The springtime of newfound love: I’d happily live in its nostalgia if I could. We started to talk, I was cheesy and you were you, and we lived a college romance. We shared spaces, insecurities, food, alcohol, smoke, poems, and kisses. I did not know I was capable of such an experiences of love. I accept it. But before we marvel at this shared wonder we reached at, know that, we looked for what we CAN accept. We compared it to what we had accepted in our pasts, and played in the hands of our desires to make a paining of love that we, together accepted. I loved that initial painting of romance that we made together. Beginner’s luck. But slowly, cold winter arrived. Dark, wet, and runny colors started to appear through the hard bright ones. And we smudged them. Over and over. Egoistically.

I should’ve paid more attention to colors. I should’ve been kinder. When did we start adding salt and water to them? They absorbed more moisture over time. So did your eyes. Only to mobilize and run across length of the canvas and make the dry ones weep. I was a snob and a perfectionist and I could not bear the sight of these smudges. They cried to me, “I know you’re going to abandon the painting mid way, you think its ruined.” I resisted the immediate urge but it called out to me so much that I couldn’t bear but leave it. Dissatisfied.
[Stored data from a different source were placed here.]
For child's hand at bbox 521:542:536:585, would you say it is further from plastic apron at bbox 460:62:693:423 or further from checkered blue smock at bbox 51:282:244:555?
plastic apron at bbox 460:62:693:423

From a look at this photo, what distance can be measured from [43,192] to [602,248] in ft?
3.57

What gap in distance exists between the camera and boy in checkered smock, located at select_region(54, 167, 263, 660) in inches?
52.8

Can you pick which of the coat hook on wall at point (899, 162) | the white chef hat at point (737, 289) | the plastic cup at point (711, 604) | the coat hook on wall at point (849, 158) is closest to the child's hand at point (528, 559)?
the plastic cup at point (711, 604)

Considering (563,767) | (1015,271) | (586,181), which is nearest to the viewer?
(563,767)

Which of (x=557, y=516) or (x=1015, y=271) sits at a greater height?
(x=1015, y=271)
Now what do I do of the phantom brush that I hold. A brush that lingers to touch the canvas of our love. But I’m also afraid, if I look for your hand, it’d just smudge over badly over a painting we already worked. Yet it keeps reappearing in me with all its weight, salt, and dry colors in its hair strands. There are days like these where I can’t bear it any more and miss your hands.

What kind of questions does one ask when they look at a paining? Does it feel complete? What does it instill in us? What were the artists thinking?

But you must also remember, that I dropped the brush that we both held, hand over hand. Now, its not just the burden of an unfinished painting. It is I who chose to stop painting. A choice of privilege in the face of struggle to paint better. If I had the privilege to find a new canvas, a new brush, a new inspiration, and a new tool or hand to work with, it might’ve been easier. These hands long for your hands every time I think of a canvas. Perhaps, someday we will be atoned of our hands, become a canvas ourselves at some place, some time, and for someone new.

But until then, what would you think of the painting we made if you saw it a gallery? A post-modern gallery, perhaps?